Aim of the exercise => Your answer should consist only of the lines below from the one with "Rossignol Скиорски чорапи" through the one with "Машина Смита Protrain HM3310", copied exactly.
◆ ◆ ◆
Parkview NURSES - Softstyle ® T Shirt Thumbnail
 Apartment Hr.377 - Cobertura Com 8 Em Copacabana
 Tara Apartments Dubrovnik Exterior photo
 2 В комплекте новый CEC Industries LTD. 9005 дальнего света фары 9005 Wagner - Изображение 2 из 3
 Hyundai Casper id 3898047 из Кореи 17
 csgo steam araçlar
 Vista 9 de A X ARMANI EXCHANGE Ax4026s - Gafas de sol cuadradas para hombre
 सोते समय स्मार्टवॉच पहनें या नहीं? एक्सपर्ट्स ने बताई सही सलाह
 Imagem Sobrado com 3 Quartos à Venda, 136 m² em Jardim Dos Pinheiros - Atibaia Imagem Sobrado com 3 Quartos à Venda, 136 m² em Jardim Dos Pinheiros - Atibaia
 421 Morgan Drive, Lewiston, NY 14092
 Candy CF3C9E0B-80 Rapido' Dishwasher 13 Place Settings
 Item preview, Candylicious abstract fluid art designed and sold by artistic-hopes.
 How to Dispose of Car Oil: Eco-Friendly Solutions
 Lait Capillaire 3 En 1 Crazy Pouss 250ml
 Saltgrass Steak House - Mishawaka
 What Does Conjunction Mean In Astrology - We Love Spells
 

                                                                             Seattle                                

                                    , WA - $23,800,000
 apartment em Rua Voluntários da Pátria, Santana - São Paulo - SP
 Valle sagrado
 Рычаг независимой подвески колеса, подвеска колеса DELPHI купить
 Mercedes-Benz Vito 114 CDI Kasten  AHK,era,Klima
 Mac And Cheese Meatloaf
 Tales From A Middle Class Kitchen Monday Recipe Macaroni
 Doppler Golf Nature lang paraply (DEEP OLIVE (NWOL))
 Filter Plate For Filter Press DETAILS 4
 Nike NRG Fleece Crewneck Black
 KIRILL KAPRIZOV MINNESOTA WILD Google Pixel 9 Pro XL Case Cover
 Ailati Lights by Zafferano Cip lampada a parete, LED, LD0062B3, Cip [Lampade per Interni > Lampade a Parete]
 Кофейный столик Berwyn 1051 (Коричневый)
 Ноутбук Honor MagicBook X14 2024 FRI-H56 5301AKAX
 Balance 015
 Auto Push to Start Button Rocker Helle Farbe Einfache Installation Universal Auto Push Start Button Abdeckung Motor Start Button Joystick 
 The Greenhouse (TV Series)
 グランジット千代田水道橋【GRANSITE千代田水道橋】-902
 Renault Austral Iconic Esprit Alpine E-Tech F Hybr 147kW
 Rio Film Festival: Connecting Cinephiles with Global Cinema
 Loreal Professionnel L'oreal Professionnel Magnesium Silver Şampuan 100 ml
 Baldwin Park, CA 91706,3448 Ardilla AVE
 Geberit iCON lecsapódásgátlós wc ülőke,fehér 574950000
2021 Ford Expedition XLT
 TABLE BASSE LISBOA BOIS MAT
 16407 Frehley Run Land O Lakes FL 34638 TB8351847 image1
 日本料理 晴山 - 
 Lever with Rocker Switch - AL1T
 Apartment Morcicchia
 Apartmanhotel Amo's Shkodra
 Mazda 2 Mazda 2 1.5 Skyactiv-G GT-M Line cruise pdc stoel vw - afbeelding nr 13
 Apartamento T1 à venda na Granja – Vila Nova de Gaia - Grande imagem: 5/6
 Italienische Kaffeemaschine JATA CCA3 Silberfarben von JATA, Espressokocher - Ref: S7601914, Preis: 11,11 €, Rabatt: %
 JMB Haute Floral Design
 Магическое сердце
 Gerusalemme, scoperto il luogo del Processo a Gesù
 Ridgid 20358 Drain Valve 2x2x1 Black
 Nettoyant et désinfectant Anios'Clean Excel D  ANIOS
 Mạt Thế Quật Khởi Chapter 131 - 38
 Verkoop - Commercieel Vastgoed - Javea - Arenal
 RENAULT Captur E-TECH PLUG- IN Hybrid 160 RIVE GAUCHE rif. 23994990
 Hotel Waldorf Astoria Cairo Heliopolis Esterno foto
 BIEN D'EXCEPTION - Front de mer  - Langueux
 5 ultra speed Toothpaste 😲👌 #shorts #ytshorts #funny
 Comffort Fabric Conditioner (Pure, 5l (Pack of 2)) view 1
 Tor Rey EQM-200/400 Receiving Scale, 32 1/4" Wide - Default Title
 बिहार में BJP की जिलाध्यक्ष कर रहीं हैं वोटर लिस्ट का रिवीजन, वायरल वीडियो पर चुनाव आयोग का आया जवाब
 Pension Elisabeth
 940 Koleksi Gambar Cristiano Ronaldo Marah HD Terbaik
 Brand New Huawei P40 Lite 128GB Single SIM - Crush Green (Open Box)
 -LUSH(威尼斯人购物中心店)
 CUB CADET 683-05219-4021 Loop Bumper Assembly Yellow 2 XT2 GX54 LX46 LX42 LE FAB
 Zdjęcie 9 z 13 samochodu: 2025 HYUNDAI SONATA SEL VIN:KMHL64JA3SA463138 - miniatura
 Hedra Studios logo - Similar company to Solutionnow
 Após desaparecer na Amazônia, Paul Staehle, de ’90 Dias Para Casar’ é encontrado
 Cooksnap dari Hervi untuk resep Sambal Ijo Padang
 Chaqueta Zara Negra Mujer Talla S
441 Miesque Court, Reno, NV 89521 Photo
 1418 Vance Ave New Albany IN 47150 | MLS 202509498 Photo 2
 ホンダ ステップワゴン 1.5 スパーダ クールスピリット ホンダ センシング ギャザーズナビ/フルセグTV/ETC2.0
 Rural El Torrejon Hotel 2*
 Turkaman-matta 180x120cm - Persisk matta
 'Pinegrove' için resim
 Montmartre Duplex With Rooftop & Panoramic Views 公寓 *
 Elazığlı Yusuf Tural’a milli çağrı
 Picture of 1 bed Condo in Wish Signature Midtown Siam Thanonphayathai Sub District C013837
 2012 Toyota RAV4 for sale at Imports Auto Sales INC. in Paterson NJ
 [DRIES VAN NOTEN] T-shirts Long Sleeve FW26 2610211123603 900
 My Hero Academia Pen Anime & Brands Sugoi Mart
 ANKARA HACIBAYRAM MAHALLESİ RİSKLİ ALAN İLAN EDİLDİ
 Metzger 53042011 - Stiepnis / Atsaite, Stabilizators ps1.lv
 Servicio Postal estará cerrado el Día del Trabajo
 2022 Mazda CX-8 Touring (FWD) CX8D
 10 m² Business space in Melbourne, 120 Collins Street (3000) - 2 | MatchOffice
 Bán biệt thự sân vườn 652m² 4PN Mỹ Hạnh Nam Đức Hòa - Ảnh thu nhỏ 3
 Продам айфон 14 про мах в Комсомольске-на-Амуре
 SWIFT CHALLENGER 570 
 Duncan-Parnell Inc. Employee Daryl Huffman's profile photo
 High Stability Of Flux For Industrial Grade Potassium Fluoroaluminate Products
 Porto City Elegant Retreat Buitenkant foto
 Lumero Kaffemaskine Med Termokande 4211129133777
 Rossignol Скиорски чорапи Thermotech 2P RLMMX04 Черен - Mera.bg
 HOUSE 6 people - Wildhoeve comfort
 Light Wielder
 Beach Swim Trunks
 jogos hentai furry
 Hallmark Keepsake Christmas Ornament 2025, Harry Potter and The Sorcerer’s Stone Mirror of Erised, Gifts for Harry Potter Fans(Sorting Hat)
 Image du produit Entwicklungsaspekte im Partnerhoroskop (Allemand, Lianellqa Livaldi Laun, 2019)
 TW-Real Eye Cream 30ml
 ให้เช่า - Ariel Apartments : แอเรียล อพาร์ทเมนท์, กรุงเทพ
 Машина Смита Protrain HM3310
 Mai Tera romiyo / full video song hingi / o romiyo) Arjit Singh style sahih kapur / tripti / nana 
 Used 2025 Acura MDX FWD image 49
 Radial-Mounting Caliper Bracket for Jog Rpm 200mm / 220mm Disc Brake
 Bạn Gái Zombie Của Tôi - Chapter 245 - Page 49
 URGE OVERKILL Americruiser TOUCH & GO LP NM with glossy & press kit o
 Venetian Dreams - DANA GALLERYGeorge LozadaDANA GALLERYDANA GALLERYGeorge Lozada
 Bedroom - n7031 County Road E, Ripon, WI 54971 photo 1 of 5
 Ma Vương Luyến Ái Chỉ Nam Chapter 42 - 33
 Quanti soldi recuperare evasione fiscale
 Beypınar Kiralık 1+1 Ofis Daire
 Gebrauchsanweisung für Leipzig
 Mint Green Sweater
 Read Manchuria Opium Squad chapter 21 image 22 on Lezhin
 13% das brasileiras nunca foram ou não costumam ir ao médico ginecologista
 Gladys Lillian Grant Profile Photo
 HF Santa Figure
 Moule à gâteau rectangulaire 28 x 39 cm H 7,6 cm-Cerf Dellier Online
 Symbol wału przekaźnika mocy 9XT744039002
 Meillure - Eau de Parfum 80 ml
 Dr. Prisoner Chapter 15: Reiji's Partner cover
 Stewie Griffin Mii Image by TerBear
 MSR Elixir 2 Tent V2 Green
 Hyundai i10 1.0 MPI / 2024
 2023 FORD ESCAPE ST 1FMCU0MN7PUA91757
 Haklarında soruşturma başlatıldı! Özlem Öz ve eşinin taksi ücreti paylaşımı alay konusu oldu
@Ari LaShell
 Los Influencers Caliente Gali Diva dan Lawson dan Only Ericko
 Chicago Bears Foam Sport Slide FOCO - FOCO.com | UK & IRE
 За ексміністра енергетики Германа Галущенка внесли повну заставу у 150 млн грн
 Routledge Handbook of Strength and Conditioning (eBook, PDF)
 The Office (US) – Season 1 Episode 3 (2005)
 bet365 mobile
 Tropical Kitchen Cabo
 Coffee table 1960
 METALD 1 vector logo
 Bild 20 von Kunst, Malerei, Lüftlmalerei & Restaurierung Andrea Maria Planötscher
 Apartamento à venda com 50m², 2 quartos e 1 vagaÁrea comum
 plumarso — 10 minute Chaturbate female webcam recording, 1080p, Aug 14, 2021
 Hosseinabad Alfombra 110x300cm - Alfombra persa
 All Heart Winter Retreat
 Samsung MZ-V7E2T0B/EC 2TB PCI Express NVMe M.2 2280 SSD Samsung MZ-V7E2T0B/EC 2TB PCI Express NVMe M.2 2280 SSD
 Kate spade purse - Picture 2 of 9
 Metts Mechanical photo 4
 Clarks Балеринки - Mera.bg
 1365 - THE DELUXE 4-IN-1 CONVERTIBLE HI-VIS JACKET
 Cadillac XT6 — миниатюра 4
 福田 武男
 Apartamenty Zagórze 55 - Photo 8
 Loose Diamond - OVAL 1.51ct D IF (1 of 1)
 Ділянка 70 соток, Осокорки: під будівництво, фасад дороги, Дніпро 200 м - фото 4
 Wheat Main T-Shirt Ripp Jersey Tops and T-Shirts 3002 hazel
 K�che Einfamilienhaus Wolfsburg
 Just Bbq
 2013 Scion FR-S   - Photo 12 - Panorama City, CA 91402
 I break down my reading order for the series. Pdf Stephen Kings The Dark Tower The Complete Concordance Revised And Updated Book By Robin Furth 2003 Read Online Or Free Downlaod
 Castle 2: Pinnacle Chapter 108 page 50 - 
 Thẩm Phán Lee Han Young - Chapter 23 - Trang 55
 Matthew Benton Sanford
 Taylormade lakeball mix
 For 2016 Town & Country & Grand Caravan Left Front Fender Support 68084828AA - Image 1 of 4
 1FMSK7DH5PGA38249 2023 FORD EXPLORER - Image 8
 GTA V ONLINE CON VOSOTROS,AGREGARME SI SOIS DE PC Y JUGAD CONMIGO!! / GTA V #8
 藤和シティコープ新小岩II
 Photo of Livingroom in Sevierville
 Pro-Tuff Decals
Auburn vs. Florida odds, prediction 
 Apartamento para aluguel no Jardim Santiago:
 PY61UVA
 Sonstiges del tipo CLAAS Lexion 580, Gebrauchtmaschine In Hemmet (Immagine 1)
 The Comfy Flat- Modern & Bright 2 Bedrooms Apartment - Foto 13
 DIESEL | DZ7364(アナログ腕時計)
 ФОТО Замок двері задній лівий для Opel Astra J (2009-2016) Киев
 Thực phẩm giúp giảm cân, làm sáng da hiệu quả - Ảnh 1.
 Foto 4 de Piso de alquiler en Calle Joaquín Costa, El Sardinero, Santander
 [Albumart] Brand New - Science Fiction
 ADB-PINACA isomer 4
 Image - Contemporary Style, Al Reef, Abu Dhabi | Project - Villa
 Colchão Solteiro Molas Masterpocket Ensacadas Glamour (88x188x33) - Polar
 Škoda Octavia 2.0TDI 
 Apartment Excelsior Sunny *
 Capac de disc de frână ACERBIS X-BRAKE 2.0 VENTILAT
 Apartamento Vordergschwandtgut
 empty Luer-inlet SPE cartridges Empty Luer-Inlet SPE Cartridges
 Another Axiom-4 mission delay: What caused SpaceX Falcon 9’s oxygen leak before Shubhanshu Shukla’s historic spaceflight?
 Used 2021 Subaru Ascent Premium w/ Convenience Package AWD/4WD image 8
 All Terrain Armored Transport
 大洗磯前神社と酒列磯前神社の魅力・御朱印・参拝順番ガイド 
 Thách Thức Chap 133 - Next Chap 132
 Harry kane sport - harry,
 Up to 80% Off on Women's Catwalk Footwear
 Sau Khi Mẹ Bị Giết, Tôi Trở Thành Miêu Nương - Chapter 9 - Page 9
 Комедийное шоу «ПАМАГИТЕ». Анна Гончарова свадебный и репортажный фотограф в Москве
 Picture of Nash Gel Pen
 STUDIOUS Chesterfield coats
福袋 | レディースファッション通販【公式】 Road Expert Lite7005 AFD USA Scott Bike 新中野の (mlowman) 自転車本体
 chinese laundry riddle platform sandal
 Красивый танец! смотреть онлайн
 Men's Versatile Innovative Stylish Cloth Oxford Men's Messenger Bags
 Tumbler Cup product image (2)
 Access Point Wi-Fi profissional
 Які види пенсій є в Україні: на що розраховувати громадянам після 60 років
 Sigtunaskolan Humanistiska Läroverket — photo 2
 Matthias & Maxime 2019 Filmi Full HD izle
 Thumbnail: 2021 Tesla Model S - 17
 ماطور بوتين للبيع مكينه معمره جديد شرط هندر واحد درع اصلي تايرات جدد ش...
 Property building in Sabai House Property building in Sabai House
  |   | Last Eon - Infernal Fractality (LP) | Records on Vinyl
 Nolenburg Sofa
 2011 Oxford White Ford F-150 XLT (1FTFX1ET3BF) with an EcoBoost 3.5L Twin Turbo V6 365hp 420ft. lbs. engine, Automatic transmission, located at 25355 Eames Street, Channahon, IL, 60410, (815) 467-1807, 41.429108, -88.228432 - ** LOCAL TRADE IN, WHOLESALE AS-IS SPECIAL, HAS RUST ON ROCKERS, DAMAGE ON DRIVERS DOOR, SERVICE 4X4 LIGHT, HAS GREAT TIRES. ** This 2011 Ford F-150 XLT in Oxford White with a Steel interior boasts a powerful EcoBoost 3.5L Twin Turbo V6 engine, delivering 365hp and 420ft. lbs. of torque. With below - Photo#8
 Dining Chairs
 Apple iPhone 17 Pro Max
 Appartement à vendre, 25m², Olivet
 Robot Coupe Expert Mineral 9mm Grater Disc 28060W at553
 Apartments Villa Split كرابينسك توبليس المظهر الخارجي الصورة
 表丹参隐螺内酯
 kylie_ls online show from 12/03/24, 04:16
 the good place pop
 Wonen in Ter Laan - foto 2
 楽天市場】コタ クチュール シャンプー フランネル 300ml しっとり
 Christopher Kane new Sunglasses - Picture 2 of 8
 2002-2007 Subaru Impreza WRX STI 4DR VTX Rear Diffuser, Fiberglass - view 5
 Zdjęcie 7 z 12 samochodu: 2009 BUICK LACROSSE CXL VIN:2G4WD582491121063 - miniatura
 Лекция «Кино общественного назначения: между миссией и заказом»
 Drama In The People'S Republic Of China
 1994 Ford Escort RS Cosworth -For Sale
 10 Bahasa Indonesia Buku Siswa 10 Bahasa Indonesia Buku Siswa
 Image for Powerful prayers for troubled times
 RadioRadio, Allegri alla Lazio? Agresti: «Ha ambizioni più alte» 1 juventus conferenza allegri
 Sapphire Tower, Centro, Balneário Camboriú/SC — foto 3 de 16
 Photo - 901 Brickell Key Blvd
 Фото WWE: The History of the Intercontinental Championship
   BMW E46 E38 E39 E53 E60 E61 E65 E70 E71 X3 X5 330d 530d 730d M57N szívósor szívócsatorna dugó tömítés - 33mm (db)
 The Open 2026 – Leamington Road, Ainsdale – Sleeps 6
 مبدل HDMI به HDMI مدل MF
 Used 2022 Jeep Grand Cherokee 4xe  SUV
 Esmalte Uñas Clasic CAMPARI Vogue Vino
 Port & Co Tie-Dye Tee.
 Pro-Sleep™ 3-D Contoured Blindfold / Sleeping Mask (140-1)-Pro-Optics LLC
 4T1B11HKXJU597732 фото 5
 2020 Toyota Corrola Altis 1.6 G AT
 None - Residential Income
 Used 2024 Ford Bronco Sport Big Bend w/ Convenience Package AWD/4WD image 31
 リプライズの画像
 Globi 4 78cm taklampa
◆ ◆ ◆
Response for this exercise =>
 Rossignol Скиорски чорапи Thermotech 2P RLMMX04 Черен - Mera.bg
 HOUSE 6 people - Wildhoeve comfort
 Light Wielder
 Beach Swim Trunks
 jogos hentai furry
 Hallmark Keepsake Christmas Ornament 2025, Harry Potter and The Sorcerer’s Stone Mirror of Erised, Gifts for Harry Potter Fans(Sorting Hat)
 Image du produit Entwicklungsaspekte im Partnerhoroskop (Allemand, Lianellqa Livaldi Laun, 2019)
 TW-Real Eye Cream 30ml
 ให้เช่า - Ariel Apartments : แอเรียล อพาร์ทเมนท์, กรุงเทพ
 Машина Смита Protrain HM3310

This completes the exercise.